Fate had a twisted sense of humor, because I even looked like my adopted parents. I had the same green eyes as Dean Cole, the same shade of light, copper brown hair as Rosie LeBlanc-Cole. The loss of a parent was a concept I was familiar with, seeing as my birth mother had given up on me. So the idea of losing Mom was…yeah. Not a place I could ever let my mind go.

“What about Poppy?” Mom arched an eyebrow.

Man, Mom was on top of her shit.

“What about her?”

My parents showed up at all of my games. So did Lev, although he sat with Jaime and Melody Followhill because he had the hots for Bailey, their daughter. I didn’t have the heart to tell my little bro that falling in love with your best friend is trash. Akin to sentencing yourself to life in prison. I’d be better off never knowing Luna Rexroth existed.

“That kiss seemed real,” Mom pointed out.

I dropped the hose and headed toward her, to the door. “Hate to piss on your parade, but it wasn’t. I barely know Poppy, and sure, it’d be nice to catch up with Luna, but I’m not waiting for her ass to make a royal entrance.”

I tramped back into the house, peeling my clothes off on my way upstairs and throwing them on the floor. I didn’t want to admit how weak I was for Luna. It was pathetic. And unstoppable. I’d tried getting over her plenty of times, especially the last few months. I wasn’t such a saint that I’d enjoyed twiddling my thumbs and waiting for her to realize we were the real deal.

After taking a shower, I plopped on my bed and tried to ignore the fact that the light in her window was turned on. Instead of peeking into it (bad form), I checked the emails on my phone. There were a bunch from a few colleges I was considering—all close by. Being near Mom was imperative. That meant waving goodbye to college football, but that was a small price to pay. I was good at football—great, even—but my parents were more than capable of paying my way through higher education, and I didn’t want to take the space of someone who needed that opportunity. It wasn’t that I didn’t want to play ball. I did. I just didn’t want it enough to rob someone else of a chance to get out of their shitty ’hood.
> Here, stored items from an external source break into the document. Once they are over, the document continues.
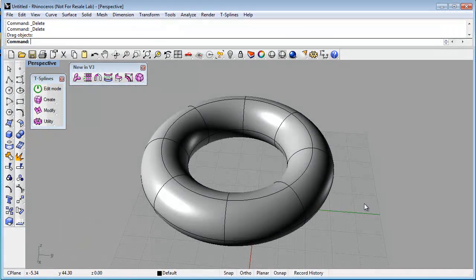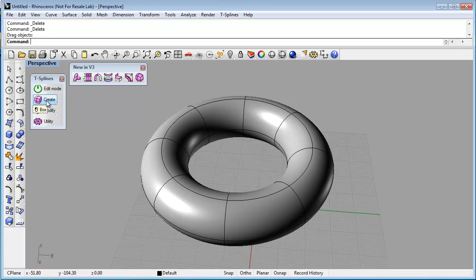T-Spline's commands can be accessed in three ways. One, by clicking an icon.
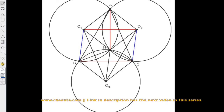Hello, welcome to the second installment of the discussion on the problem of geometry. If you have not seen the first one, look into the link in the description.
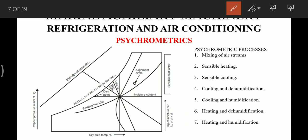The different processes we will study on the psychrometric chart are: first, mixing of air streams — in an AC system we have fresh air and recirculating air which must be analyzed; then sensible heating; sensible cooling; cooling and dehumidification; cooling and humidification; heating and dehumidification; and heating and humidification. These are the processes we will discuss in detail on the psychrometric chart.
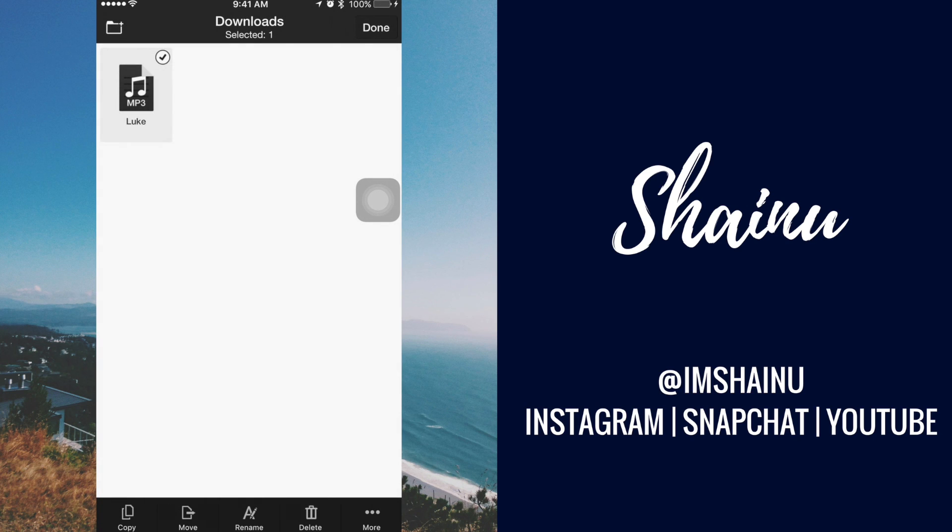But yeah, that's pretty much it guys. I hope you guys found this video helpful. If you did, like and subscribe, and I will see you guys in the next one.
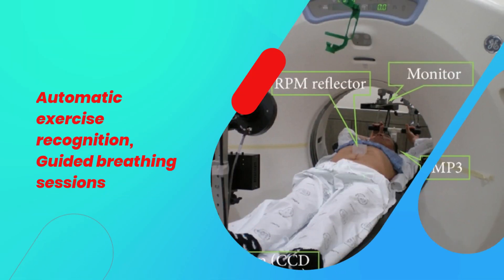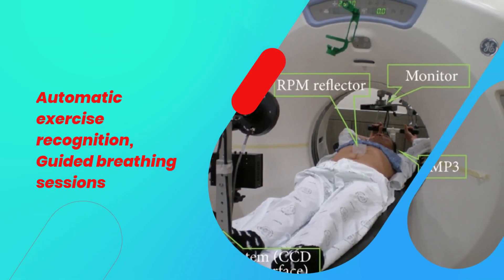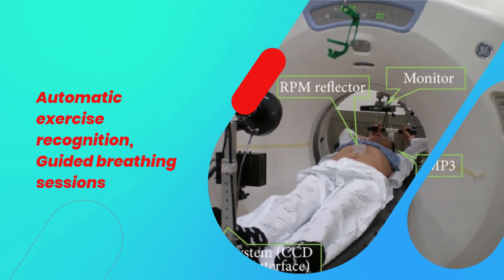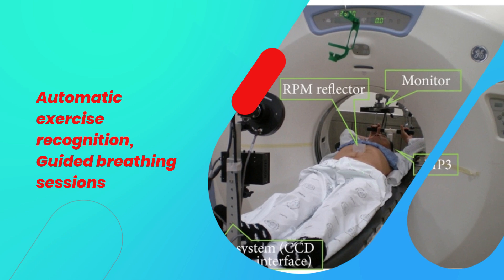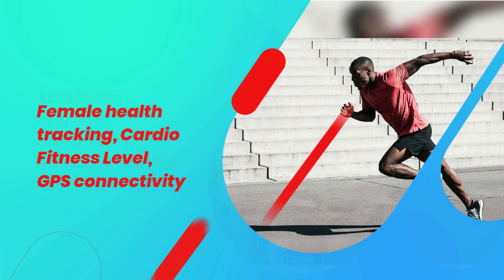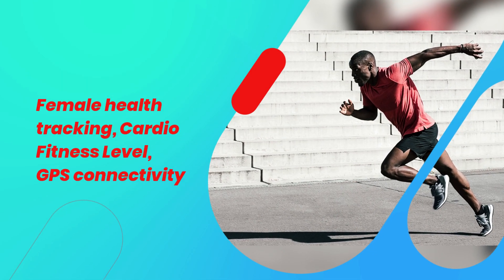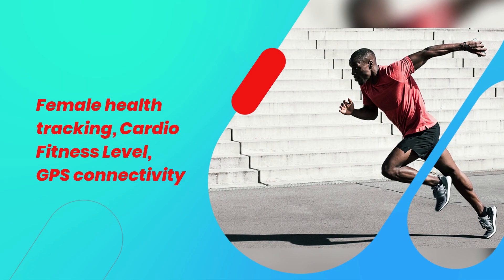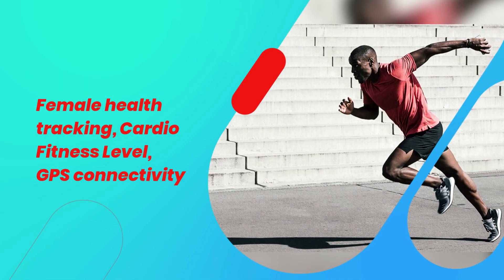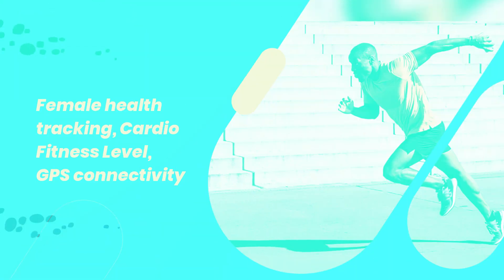Automatic exercise recognition, guided breathing sessions. Female health tracking, cardio fitness level, GPS connectivity.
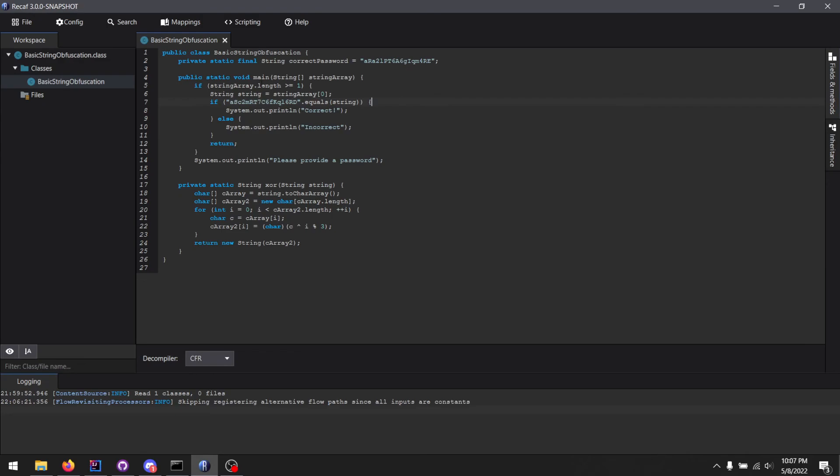And going forward, when we add more features to it, I imagine it'll be very powerful against most basic obfuscations. Although, I do think some complex obfuscation will also fall victim to SSVM.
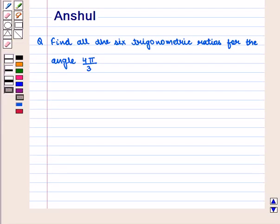Hello and welcome to the session. In this session we are going to discuss the following question.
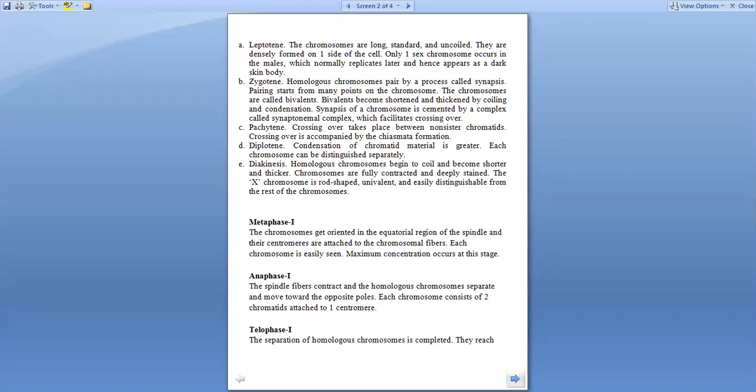Prophase consists of prophase I with substages: leptotene, zygotene, pachytene, diplotene, and diakinesis. In leptotene, the chromosomes are long, slender, and uncoiled. Only one sex chromosome appears in males, which replicates later and appears as a dark staining body. In zygotene, synapsis starts—that is the process of pairing—and at many points they become cemented by a synaptonemal complex. This facilitates crossing over. At this stage the chromosomes are bivalent.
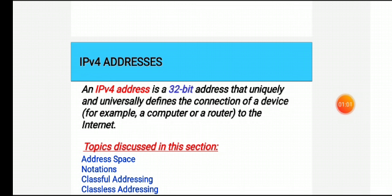IPv4 is the IP layer protocol address. An IPv4 address is a 32-bit address that uniquely and universally defines the connection of a device, for example a computer or a router, to the internet.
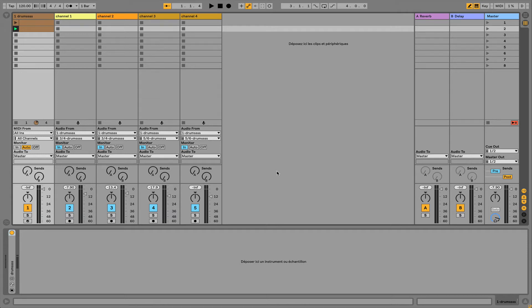Hi, this is another video showing how we can use the new Ableton Live 10 feature related to multi-channel routing from and to Max for Live devices.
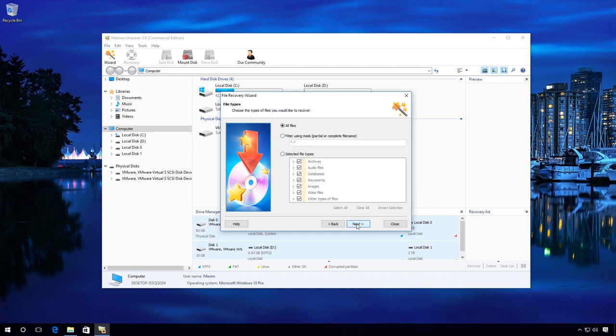In this window, you can only specify the necessary file types to speed up the process of analysis and data recovery. For example, I will check selected file types. In my case, they are archives, audio, video files and images.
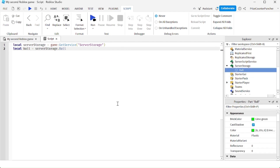And those are the different ways you can traverse the Explorer hierarchy to get to objects inside the Explorer.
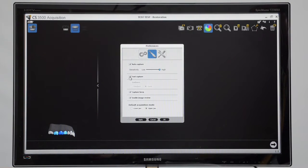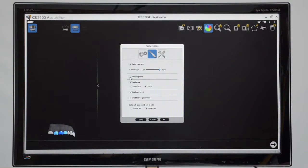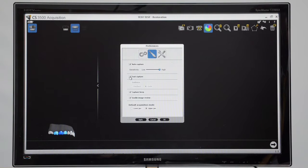Then we have fast capture. You can turn that off. If you find that the capturing is quicker than you're moving around the arch, you can turn that fast capture button on and off.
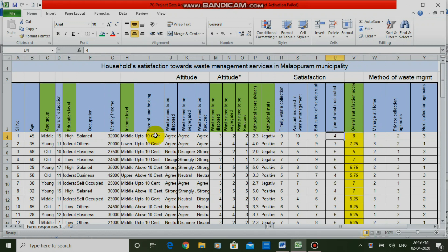In univariate analysis, if it is a categorical variable, we prepare a frequency table — we have seen that example earlier. Here, this is a continuous variable. In case of a continuous variable, we calculate descriptive statistics. The descriptive statistics are summary measures like mean, median, mode, standard deviation, skewness, kurtosis, etc. So for a categorical variable we make a frequency table, and for a continuous or numeric variable we calculate descriptives.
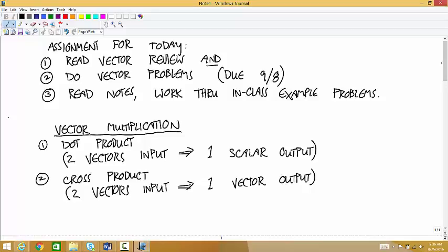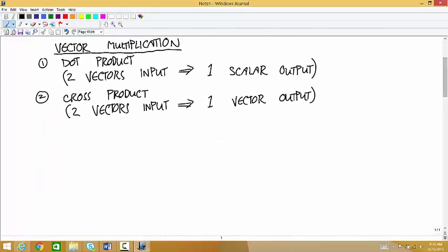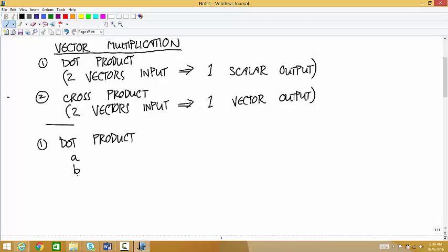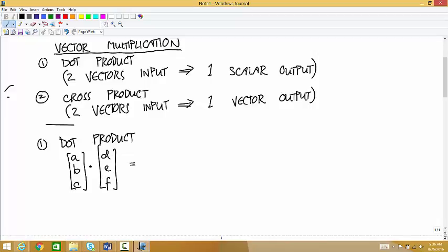So, the dot product: if you have two vectors with components A, B, C and you're dotting it with a vector D, E, F, then the scalar output is equal to A·D plus B·E plus C·F.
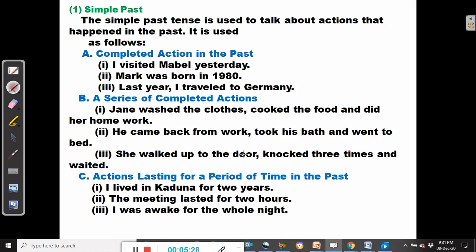She walked up to the door, knocked three times and waited. Then, the next use of the simple past is actions lasting for a period of time in the past — we are talking of duration in the past.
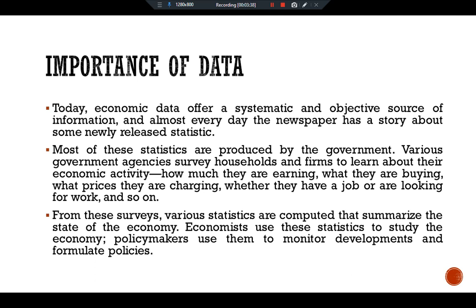The three statistics most common for macroeconomists and policymakers are Gross Domestic Product (GDP), the Consumer Price Index (CPI), and the level of unemployment in the economy.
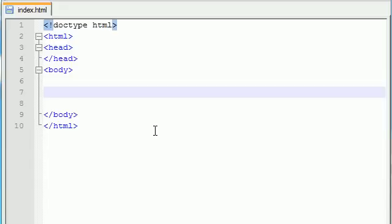Alright guys, welcome to your 13th XHTML and CSS tutorial. In this tutorial, we're going to be covering something called a colspan.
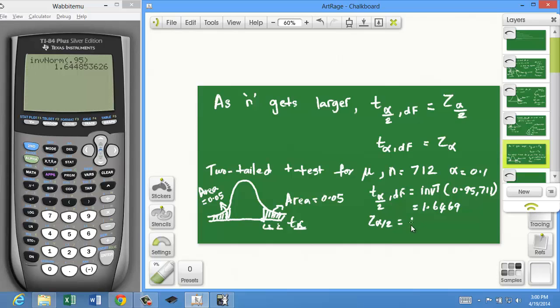So z-alpha/2 is 1.644. For large sample sizes, it doesn't matter whether you get the critical value from a t-table or a normal table — the answers are the same. But for small sample sizes, you must use a t-table and the degrees-of-freedom parameter. This is how you find critical values any time you have to use a t-test for the population mean.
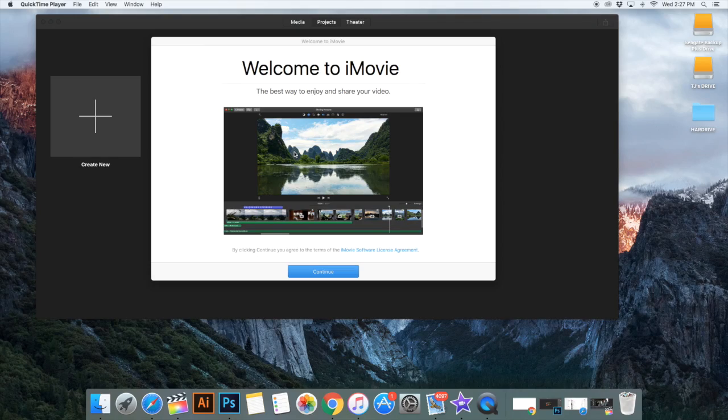The good thing about iMovie is it's easy and simple. The learning curve for it is shorter. You can watch a few videos on YouTube and you'll be able to edit a video. Final Cut and iMovie use similar editing techniques, so if you know how to edit in iMovie, you kind of know how to edit in Final Cut. So basically, iMovie is just simple.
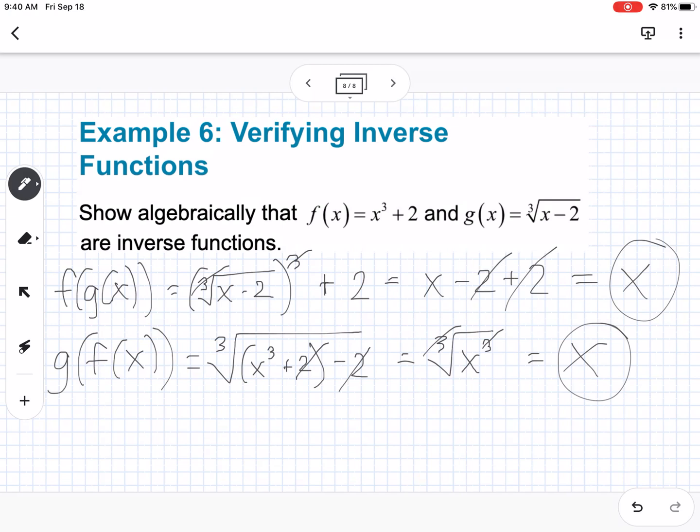That is section 1.5. Let me know if you have any questions. Thank you.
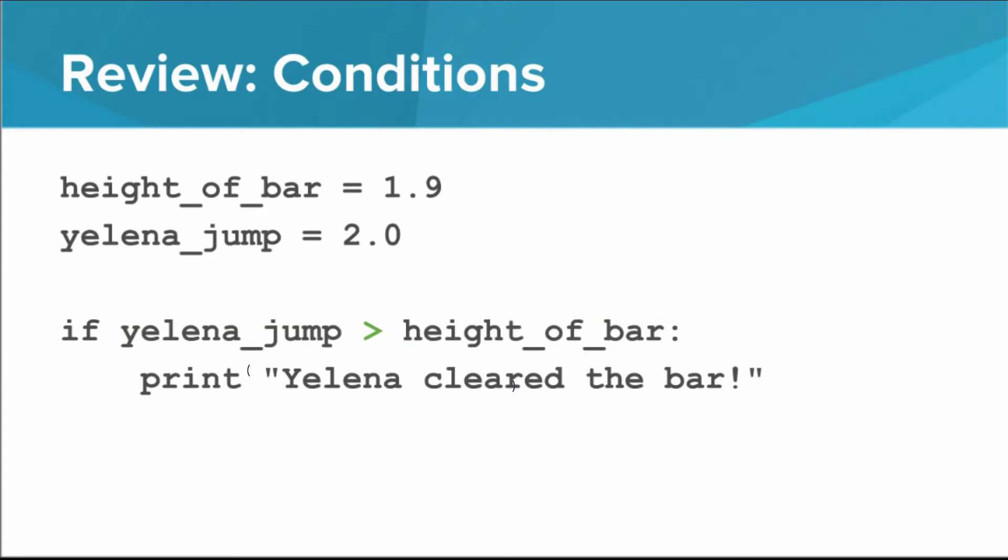In this example, the comparison operator we used was the greater than operator. Operators like greater than can be used to compare two numbers and generate a Boolean value, true or false. Let's take a look at some more operators.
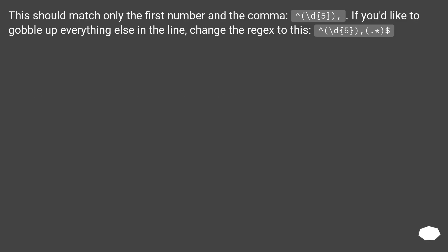This should match only the first number and the comma, backslash d 5. If you'd like to gobble up everything else in the line, change the regex to this: backslash d 5, dot dollar.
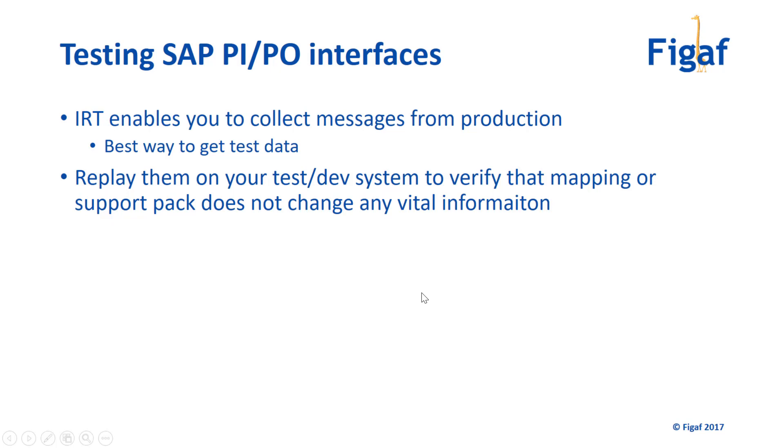Then you can replay those on your local development QA box to verify mapping and everything else is the same. So this is really good if you're doing regression testing. For migration it also works, and if you are developing new interfaces, you can also do the testing and get messages from your test system and verify that it works the same way.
I knew a thing or two about getting breaks when you needed them, as an adopted kid who’d hit the parents jackpot. Karma had a sick sense of humor.

“Hey, I know your birth mom sucks ass, but here’s an amazing, one-in-a-lifetime mother. But here’s the real kicker, boy—she’s a temporary mom. She’ll die in a bit. That’ll show you to appreciate people!”

Yeah, screw you, Karma.

In the ass. Sans lube. Sans spit. Sans everything.

I swiped my screen and three text messages popped up, one after the other.

Poppy Astalis: So, this is quite weird and oh so embarrassing, but…I’ve got a voucher for an ice cream place. Not that you need a voucher to afford ice cream. I don’t even know if you bloody eat sugar, being into sports and everything. But I don’t want it to go to waste, and Lenny is busy, and Papa is…well, you know, Papa. So I was thinking maybe…Oh, wow. I should NOT be sending you this message. LOL. Quite clear on that. This is silly. Sorry. But since you’re not going to read it…well, I quite like you. And I quite enjoyed Friday. More than I should have, actually. Okay. Bye.

Poppy Astalis: OH MY GOD. PLEASE IGNORE. MY SISTER SENT IT BECAUSE SHE SAID I NEEDED TO GROW SOME BALLS. PLEASE, PLEASE, PLEASE IGNORE.

I snorted. I made a mental note to let Poppy down as nicely as possible. She wasn’t made of the same material as Arabella. She wasn’t into dating me for the social status or sordid story. Whatever the fuck Poppy saw in me, she genuinely liked it. That made her endearing, even if I thought she was high on the insanity spectrum (and maybe high in general) for seeing me as anything other than a manipulative douche with a hara-kiri streak.